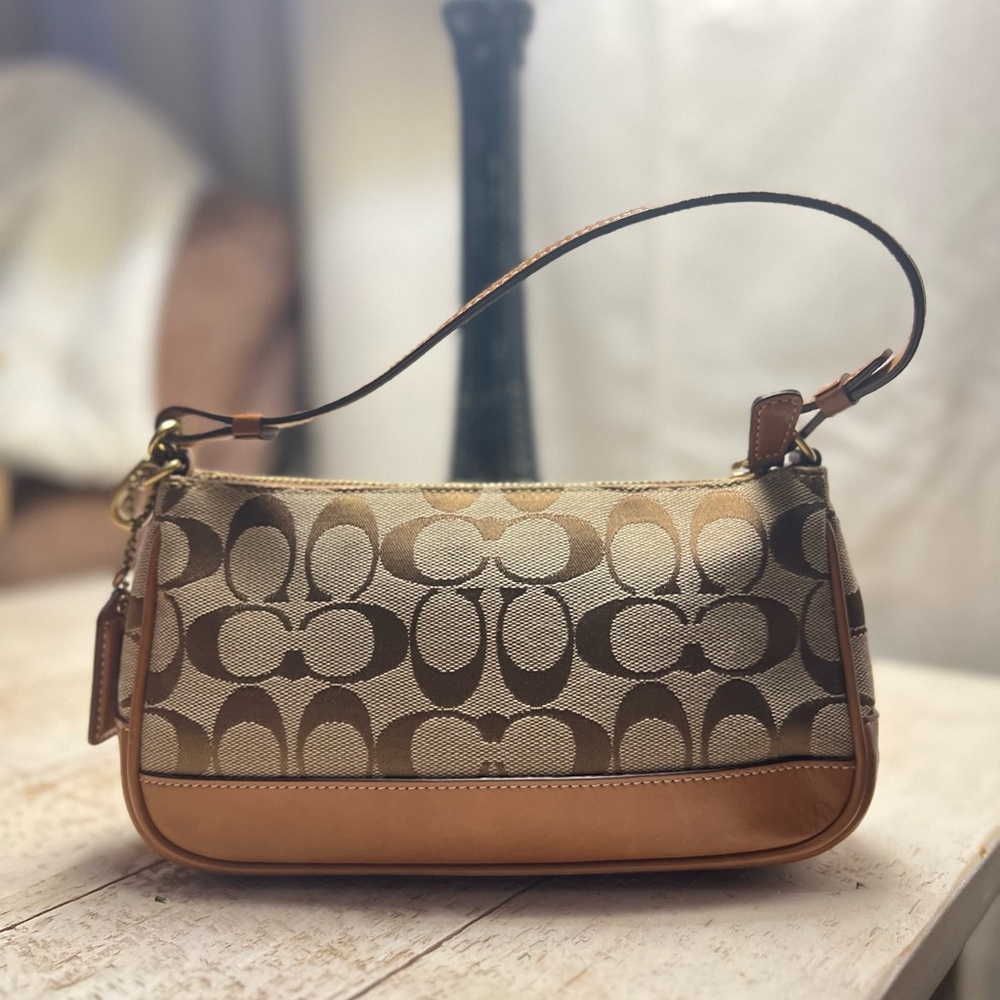 Signature Coach Demi Shoulder Bag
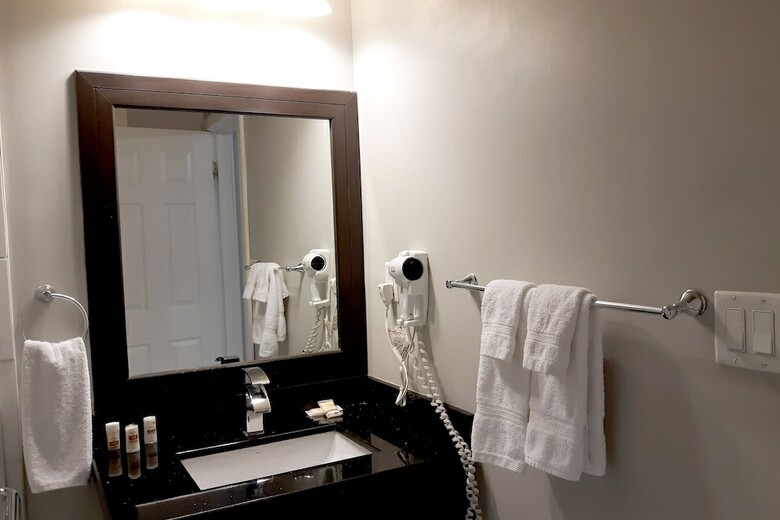 Apartamentos Hotel Oshawa Downtown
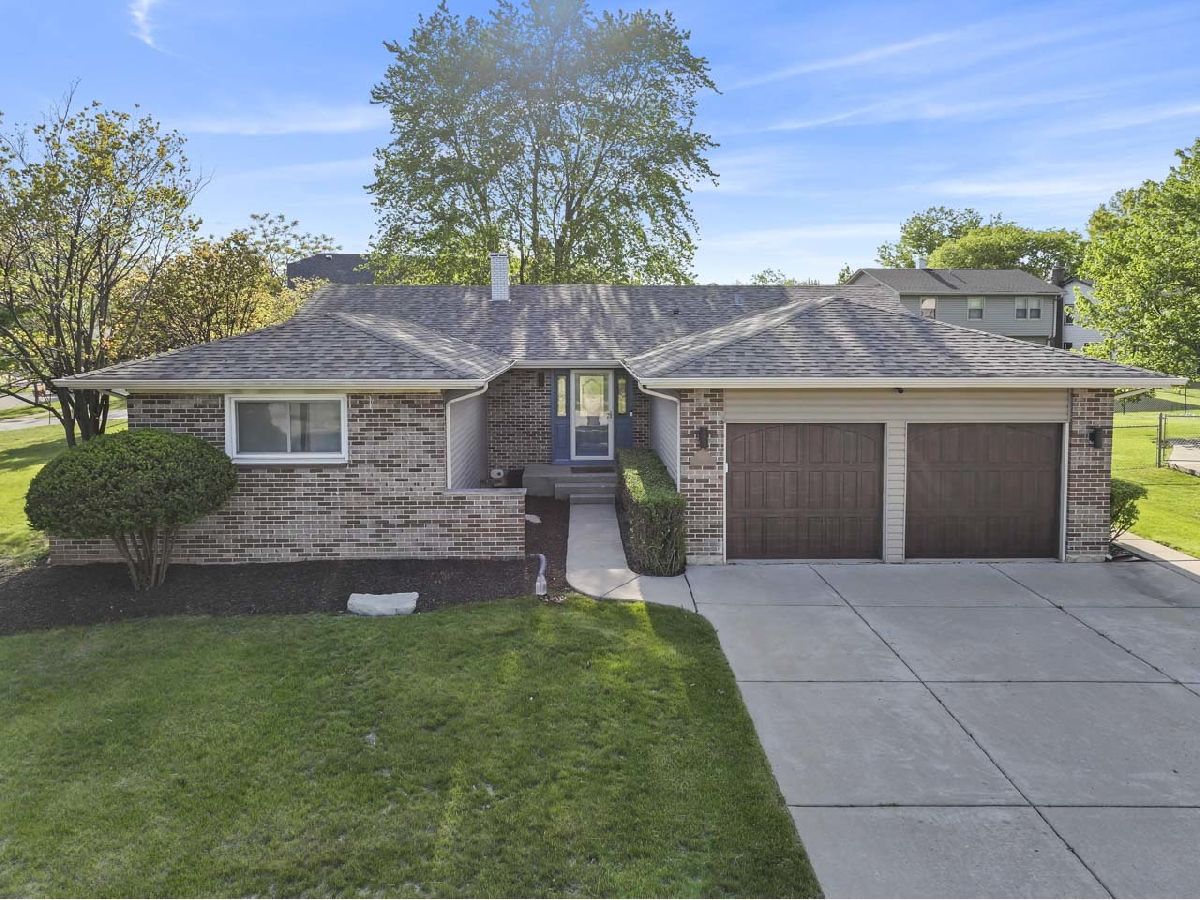 Homes Sold Winston Grove Elk Grove Village Illinois, 1680 Dakota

····················

> _Task goal_: Take the data above and set it down exactly, images excluded.

> _Response box_:
 Signature Coach Demi Shoulder Bag
 Apartamentos Hotel Oshawa Downtown
 Homes Sold Winston Grove Elk Grove Village Illinois, 1680 Dakota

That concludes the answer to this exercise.